Models

Jabberjay bundles seven model families. Each is downloaded from Hugging Face Hub on first use and cached locally.

Choosing a model

Model	Type	Datasets	Requires
VIT	Vision Transformer	ASVspoof2019, ASVspoof5, VoxCelebSpoof	`dataset`, `visualisation`
AST	Audio Spectrogram Transformer	ASVspoof2019, ASVspoof5, VoxCelebSpoof	`dataset`
Wav2Vec2	Self-supervised transformer	ASVspoof2019	—
HuBERT	Self-supervised transformer	In-The-Wild	—
WavLM	Self-supervised transformer	Mixed deepfake	—
RawNet2	End-to-end CNN	ASVspoof 2021	—
Classical	KNN classifier	ASVspoof2019	—

Simple rule of thumb:

For a quick, general-purpose result — use WavLM or HuBERT
For the lowest error rate on In-The-Wild audio — use HuBERT (EER 1.43%)
For a lightweight baseline with no deep learning — use Classical
To sweep all models and compare — use jj.load() once, then call jj.detect() for each

VIT

Vision Transformer classifiers that convert the audio to a 2D image (spectrogram) and classify it visually.

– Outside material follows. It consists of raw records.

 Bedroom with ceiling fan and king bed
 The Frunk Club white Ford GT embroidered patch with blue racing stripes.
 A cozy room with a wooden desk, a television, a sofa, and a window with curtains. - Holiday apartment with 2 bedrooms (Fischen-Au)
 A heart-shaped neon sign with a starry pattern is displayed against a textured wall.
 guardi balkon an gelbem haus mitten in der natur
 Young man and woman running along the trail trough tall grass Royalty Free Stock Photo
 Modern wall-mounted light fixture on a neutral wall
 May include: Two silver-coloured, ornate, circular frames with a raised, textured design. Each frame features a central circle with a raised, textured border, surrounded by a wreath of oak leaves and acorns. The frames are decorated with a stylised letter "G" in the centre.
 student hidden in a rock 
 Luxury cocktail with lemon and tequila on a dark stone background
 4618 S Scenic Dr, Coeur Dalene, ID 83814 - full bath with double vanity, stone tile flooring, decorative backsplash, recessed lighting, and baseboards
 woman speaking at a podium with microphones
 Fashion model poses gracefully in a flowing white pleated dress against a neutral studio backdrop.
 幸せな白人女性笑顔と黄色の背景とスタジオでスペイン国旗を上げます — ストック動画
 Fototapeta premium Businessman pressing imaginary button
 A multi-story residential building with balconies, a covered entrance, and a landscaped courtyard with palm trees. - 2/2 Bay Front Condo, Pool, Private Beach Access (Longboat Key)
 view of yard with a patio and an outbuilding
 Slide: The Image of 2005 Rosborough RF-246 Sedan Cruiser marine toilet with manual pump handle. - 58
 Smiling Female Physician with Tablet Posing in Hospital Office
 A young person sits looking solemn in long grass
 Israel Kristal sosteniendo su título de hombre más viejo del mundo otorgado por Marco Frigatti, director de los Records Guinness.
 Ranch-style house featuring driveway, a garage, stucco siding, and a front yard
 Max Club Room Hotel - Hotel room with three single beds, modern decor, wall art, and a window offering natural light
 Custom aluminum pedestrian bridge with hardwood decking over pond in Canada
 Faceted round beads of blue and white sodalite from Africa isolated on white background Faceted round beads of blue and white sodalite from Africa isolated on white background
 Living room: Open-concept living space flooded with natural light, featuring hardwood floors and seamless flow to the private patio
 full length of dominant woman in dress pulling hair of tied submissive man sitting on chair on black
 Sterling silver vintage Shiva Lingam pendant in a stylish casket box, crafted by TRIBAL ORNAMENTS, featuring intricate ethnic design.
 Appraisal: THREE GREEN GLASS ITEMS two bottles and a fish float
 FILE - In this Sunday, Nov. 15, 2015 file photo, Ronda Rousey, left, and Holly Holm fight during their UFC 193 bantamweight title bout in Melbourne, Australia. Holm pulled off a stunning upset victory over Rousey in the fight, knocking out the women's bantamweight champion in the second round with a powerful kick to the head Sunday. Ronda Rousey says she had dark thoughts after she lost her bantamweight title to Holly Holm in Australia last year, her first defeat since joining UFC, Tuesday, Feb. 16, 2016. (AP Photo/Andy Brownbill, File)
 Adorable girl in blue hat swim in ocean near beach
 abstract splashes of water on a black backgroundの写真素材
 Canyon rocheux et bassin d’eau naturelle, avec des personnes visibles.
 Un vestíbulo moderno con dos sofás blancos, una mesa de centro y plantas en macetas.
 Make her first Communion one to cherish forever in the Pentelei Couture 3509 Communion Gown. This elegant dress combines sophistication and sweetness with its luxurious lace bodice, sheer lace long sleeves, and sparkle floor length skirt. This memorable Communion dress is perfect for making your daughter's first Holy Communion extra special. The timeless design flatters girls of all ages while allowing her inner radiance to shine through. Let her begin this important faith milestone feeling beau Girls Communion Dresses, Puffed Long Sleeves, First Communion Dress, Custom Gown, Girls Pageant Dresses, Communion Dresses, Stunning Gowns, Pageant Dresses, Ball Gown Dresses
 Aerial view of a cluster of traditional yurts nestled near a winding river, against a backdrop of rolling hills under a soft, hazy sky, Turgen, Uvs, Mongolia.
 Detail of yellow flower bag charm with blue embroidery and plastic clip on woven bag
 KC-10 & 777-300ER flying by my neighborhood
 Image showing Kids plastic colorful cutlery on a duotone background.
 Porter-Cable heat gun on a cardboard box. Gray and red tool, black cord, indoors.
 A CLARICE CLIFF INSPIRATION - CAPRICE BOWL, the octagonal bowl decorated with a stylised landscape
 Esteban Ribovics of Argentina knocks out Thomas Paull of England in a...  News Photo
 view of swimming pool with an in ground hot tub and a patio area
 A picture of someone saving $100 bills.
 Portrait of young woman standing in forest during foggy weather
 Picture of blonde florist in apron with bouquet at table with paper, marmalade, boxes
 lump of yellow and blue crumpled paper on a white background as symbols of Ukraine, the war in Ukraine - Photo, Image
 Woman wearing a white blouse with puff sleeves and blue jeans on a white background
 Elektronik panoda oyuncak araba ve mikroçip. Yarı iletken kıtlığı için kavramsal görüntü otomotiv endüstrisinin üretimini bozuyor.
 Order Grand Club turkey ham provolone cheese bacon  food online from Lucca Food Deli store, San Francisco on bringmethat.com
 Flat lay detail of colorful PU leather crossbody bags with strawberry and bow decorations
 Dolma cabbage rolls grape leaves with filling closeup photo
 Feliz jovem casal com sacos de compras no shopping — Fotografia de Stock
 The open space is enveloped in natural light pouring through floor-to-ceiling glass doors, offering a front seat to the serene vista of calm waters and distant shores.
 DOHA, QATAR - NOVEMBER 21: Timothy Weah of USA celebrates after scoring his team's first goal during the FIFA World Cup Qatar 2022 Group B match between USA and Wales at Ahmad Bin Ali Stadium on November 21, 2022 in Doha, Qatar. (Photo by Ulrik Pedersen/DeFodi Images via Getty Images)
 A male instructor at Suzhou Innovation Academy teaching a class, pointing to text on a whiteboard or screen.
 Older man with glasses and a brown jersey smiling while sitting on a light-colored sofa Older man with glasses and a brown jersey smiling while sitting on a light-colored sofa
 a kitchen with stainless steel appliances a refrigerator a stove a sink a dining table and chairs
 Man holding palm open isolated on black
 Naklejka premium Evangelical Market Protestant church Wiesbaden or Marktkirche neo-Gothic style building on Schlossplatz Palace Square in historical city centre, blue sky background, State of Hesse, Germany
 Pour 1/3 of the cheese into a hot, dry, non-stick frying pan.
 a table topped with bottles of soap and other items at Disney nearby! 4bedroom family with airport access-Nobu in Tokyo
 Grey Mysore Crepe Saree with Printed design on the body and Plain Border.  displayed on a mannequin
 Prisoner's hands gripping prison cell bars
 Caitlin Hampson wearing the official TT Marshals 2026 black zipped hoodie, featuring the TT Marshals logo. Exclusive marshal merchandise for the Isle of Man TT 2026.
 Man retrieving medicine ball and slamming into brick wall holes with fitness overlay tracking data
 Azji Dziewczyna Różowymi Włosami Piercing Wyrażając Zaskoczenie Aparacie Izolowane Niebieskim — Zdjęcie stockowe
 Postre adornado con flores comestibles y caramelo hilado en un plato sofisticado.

Nine variants, covering three visualisation types × three training datasets:

Visualisation	ASVspoof2019	ASVspoof5	VoxCelebSpoof
ConstantQ	✓	✓	✓
MelSpectrogram	✓	✓	✓
MFCC	✓	✓	✓

jj.detect("audio.wav", model="VIT", dataset="VoxCelebSpoof", visualisation="ConstantQ")
jj.detect("audio.wav", model="VIT", dataset="ASVspoof2019", visualisation="MFCC")
jj.detect("audio.wav", model="VIT", dataset="ASVspoof5", visualisation="MelSpectrogram")

Visualisations:

ConstantQ — Constant-Q transform; good frequency resolution across the full spectrum
MelSpectrogram — Mel-scaled spectrogram; perceptually motivated, widely used in speech
MFCC — Mel-frequency cepstral coefficients; compact and speech-focused

AST

Audio Spectrogram Transformer. Applies a transformer directly to a patch-based spectrogram without a CNN backbone.

Available for ASVspoof2019, ASVspoof5, and VoxCelebSpoof datasets.

jj.detect("audio.wav", model="AST")  # defaults to VoxCelebSpoof
jj.detect("audio.wav", model="AST", dataset="VoxCelebSpoof")
jj.detect("audio.wav", model="AST", dataset="ASVspoof2019")

Note

dataset is optional for AST and defaults to VoxCelebSpoof if not specified.

Wav2Vec2

Gustking/wav2vec2-large-xlsr-deepfake-audio-classification

Wav2Vec2-XLSR-300M fine-tuned on ASVspoof2019. EER 4.01%.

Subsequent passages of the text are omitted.